Of LawnGuru’s 20,000 customers, about 8,000 reside in Michigan — the largest of the company’s seven markets. Yet Atlanta, where LawnGuru launched in March, is quickly catching up.
“Atlanta is our fastest-growing market and will probably outgrow Michigan within the next year,” Durrant said.
Chicago, Cleveland, Houston, Philadelphia and the Washington D.C./Baltimore area also all launched in the last three months, and the company hopes to be in 20 total markets next year.
One of the challenges is getting providers to lawns fast enough. A common gripe expressed on LawnGuru’s Facebook page is that can take a week or two before a mower shows up.
Durrant is well aware of the issue in the new markets.
“There's always a chicken and the egg problem where you are trying to balance your supply and demand,” said Durrant, adding timing is no longer a problem in Michigan.
“If you were to place a request today, your job would probably be picked up within a minute, and depending on the weather, it would be serviced within 48 hours (unless it rains).”
Redford Township resident Ian Kazy, 26, started using the app last March and had his lawn cut bimonthly through the fall. Other than a mower knocking over a lamp post — which he said was “ugly” and needed to come down anyway — he hasn’t run into issues.
“It’s a time-saver,” he said. “It took the inconvenience of having to go find your own serviceman out of it, and they’re doing the legwork for you.”
Kazy, a construction company manager, used to mow his lawn himself and said the $30 per cut is money well spent.
“It’s nice just to come home and see it done,” he said.
Besides the convenience, Durrant said the service can lead to hundreds of dollars in savings over a season. But it’s not that their rates are cheaper.

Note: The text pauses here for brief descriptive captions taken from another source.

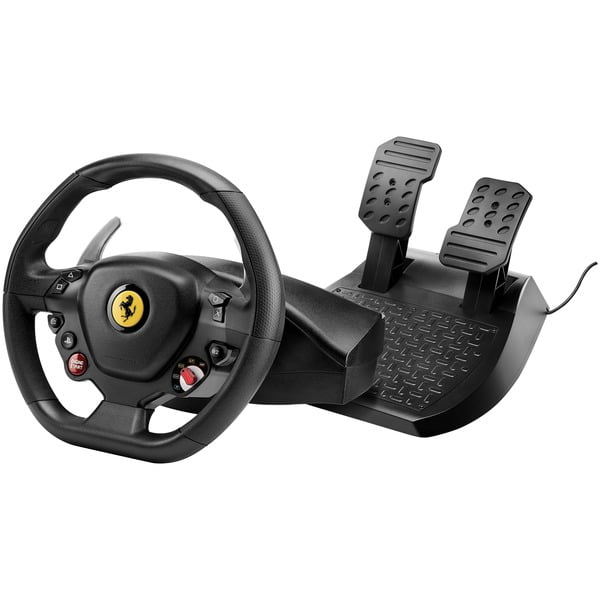 ハンコンThrustmaster T80 Racing Wheel PS4 対応 Thrustmaster® T80 Ferrari® 488 Gtb Edition Racing Wheel For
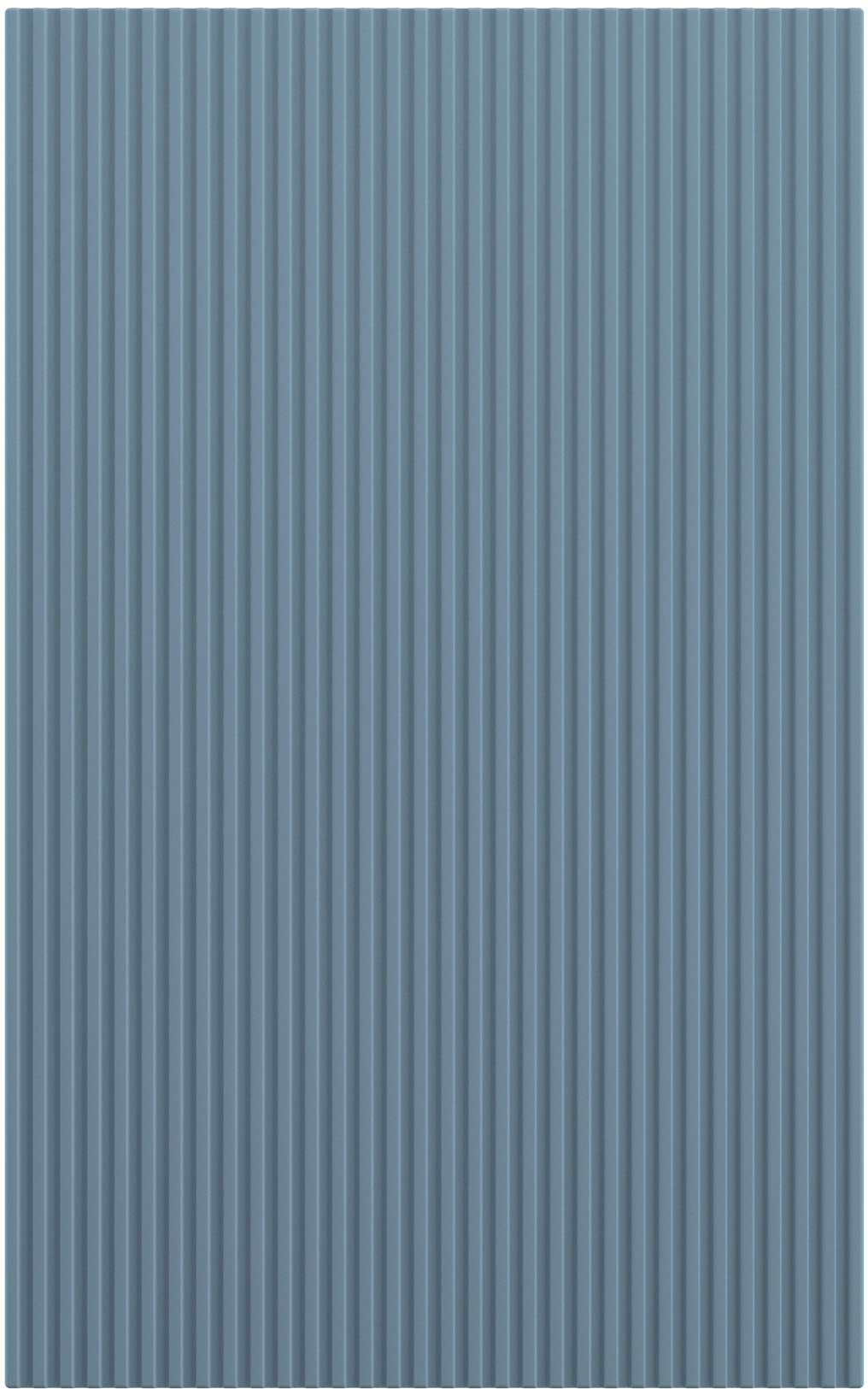 Фасады для кухни Модерн Фрезеровка «Аура» 702 Голубой SIDAK SIST844-14078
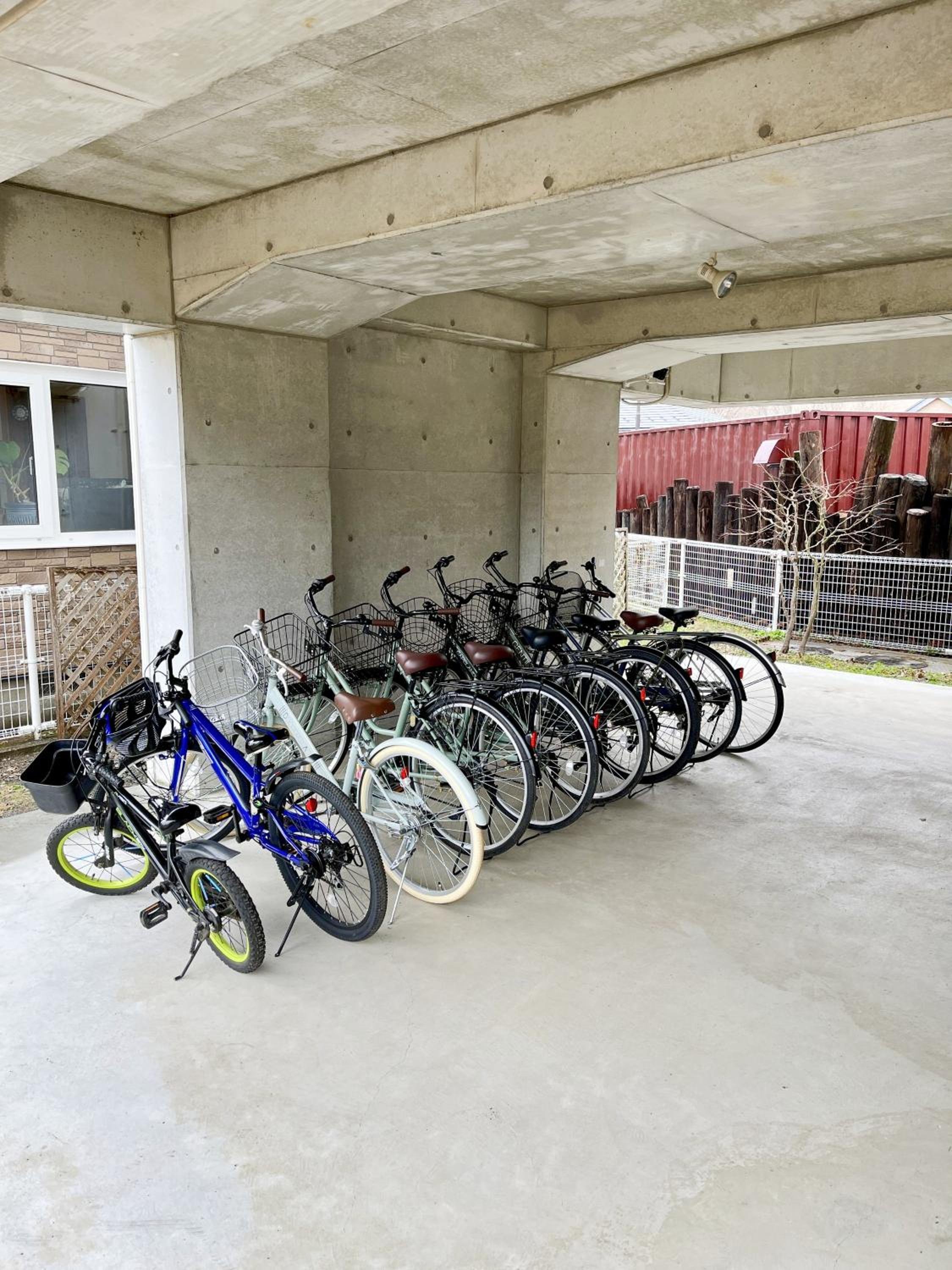 View of Mt Fuji Free transportation Bicycle Rental ok 富士山眺望 view 2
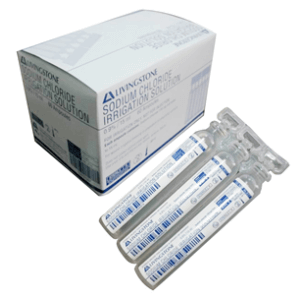 Sodium Chloride 0.9% for Irrigation - 15mL Ampoule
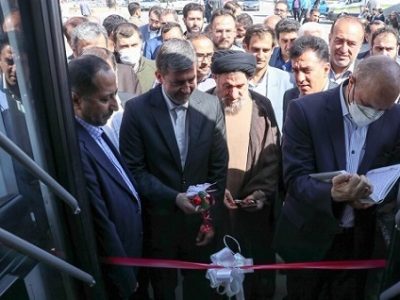 ۱۵۶ دستگاه اتوبوس و مینی‌بوس جدید شهرداری تبریز رونمایی شد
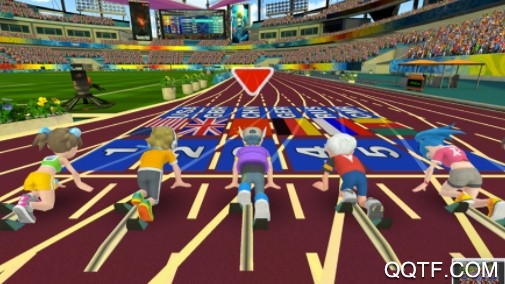 全民运动之100米赛跑官方IOS版手游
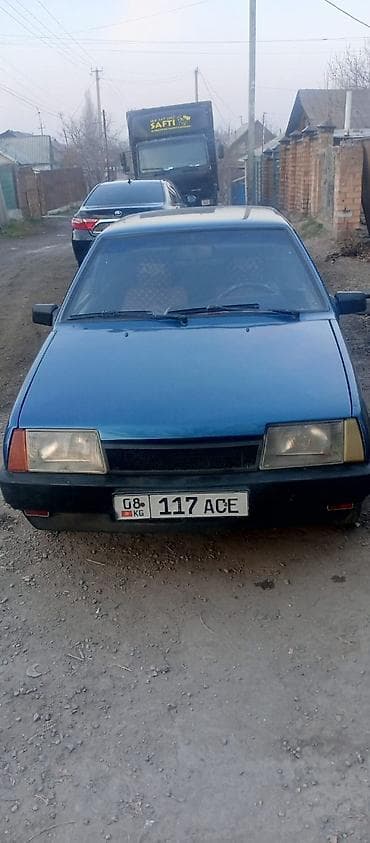 матор 2114: ВАЗ (ЛАДА) 21099: 1994 г., Ручные, Бензин, Седан — 6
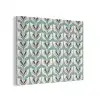 Retro - Modern - Groen PET vilt klein 837 -3d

“Where the savings really kick in is through the control,” said Durrant, explaining that recurring users can opt to skip or pause a cut they don’t need, especially during dry seasons.
Michigan users also have access to snow plowers in the winter, and LawnGuru plans to expand that service to Chicago and Cleveland this year.
Ann Arbor SPARK, an organization that supports early-stage technology companies, offered resources to the LawnGuru founders when they started two years ago.
Bill Mayer, SPARK vice president of entrepreneurial services, has since watched the app’s evolution and said he thinks it has the potential to “really disrupt” the lawn care and snow removal industries.
“It’s a good example of layering technology on top of an industry we already know a lot about and making it better and easier for the contractors and making it better and easier for the customers of those contractors,” Mayer said. “It’s really just making the marketplace more efficient.”
Looking ahead, the team of 15 is focused on improving Americans’ snow removal and lawn care experiences. Though Durrant admitted he hasn’t cut a lawn since 2015.
Does he miss it?
“Eh, parts of it,” he said. “Not all of it.”